Jeśli chodzi o rynek akcji, jeśli będziemy spadać tak jak to wielu przepowiada, to poczekam na mocne spadki i dokupię trochę walorów, które już posiadam by uśrednić ich cenę w dół. Pod ten cel w najbliższych miesiącach będę gromadził kapitał z dwóch źródeł (oszczędności z wypłaty) oraz zyski z kontraktów terminowych (które zakładam, że będą rosły). Możliwe też, że częściowo naruszę mój fundusz bezpieczeństwa, bo moim skromnym zdaniem póki nie dotarliśmy do 2900/3000 pktów, to wszystkie akcje są bardzo tanie i będzie można na nich na przestrzeni lat zarobić.
Tutaj małą dygresja

Jestem także w trakcie poszukiwania nowych sposobów przypływu gotówki i poważnie rozmyślam nad zajęciem się pisaniem prostych aplikacji na iPhone, które później można sprzedawać za pośrednictwem appstore Apple - czyli sieć dystrybucji jest już gotowa do użycia. Na pewno jeśli zdecyduje się na ten krok to opiszę jak wygląda życie takiego developera na tym blogu.

piątek, 29 stycznia 2010

Zmiany w portfelu - 29.01.2010

Na sesji w dniu dzisiejszym zamknąłem krótką pozycję na poziomie 2373 (zysk: +27 pktów), oraz otworzyłem pozycję długą na tym samym poziomie. Miesiąc się już dla giełdy zakończył, więc w weekend będzie trzeba zrobić podsumowanie działań inwestycyjnych w styczniu i przygotować strategię na miesiąc luty.
Cel pozostaje niezmienny: zarabiać i powiększać stan portfela ignorując przy tym zbędny szum informacji wybierając to co najlepsze i to co przynosi zyski bez zbędnego biadolenia i rozmyślania.
Na pewno, i to po raz kolejny, okazało się, że najprostsze metody są najskuteczniejsze.

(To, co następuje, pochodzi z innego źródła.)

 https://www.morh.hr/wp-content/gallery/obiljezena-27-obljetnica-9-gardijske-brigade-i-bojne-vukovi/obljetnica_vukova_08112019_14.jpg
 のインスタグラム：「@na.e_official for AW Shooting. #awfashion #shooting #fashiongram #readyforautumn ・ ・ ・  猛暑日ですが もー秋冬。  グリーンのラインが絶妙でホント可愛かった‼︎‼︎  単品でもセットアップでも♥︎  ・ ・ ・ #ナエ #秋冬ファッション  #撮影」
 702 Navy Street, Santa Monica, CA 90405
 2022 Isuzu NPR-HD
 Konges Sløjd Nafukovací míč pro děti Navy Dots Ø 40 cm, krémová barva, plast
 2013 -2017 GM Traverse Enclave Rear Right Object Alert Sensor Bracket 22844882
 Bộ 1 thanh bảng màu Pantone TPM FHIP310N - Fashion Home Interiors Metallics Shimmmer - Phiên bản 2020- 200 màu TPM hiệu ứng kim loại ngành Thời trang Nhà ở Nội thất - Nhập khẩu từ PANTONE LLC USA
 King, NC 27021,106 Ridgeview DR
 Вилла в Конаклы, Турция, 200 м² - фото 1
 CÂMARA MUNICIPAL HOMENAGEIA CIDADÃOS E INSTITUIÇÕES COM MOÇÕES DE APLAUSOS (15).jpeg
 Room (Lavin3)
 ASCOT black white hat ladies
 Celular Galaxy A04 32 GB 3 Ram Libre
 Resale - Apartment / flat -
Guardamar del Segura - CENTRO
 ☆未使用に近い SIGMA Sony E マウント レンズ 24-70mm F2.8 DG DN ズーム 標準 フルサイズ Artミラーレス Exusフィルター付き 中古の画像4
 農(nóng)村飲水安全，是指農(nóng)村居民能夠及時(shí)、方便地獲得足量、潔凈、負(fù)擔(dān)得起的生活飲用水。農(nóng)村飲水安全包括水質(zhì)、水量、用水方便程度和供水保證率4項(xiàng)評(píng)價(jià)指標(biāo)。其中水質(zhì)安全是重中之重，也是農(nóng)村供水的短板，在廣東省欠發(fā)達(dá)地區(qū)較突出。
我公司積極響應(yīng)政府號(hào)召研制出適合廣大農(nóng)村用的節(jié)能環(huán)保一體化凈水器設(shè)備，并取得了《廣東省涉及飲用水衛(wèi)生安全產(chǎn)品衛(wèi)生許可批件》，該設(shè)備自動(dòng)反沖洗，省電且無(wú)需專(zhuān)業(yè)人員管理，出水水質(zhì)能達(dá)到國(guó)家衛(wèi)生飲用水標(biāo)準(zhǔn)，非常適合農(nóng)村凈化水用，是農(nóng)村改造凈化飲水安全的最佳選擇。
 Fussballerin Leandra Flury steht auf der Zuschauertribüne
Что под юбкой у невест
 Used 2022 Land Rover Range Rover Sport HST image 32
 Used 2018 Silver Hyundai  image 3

Zmiany w portfelu - 28.10.201

Zamknięta długa pozycja na poziomie 2400 (strata: -5 punktów). Otworzona pozycja krótka na poziomie 2400 punktów. Jak widać po rozwoju ostatnich wydarzeń z zakupem BRE można było poczekać, no ale przewidywanie przyszłości pozostawię innym, myślę, że miejsce gdzie się zahaczyłem za jakiś czas zacznie zarabiać, na razie odkładam gotówkę na następne zakupy w przypadku mocnej korekty.

czwartek, 28 stycznia 2010

Zmiany w portfelu - 27.01.2010

Zamknięta krótka pozycja na poziomie 2405 (strata: -15 pktów). Otworzona długa pozycja na poziomie 2405.

wtorek, 26 stycznia 2010

Zmiany w portfelu - 26.01.2010 / Awaria systemu XTB i reklamacja

Odwrócona pozycja na krótką przy poziomie 2390, poprzednia pozycja: strata: -24 pkty.
Wczoraj system XTB od rana miał problemy z wysyłaniem zleceń na giełdę, przez co zamiast odwrócić pozycjęna poziomie 2414 dokonałem tego dopiero na poziomie 2422 czyli strata wynosiła 16punktów.
Należy pochwalić tutaj firmę XTB, która przyjęła zgłoszenie reklamacyjne i jeszcze tego samego dnia zwróciła pieniądze na mój rachunek czym zyskali moje zaufanie na przyszłość i nie będę się wahał przy powiększeniu kapitału inwestycyjnego żeby ulokować go właśnie w tym biurze.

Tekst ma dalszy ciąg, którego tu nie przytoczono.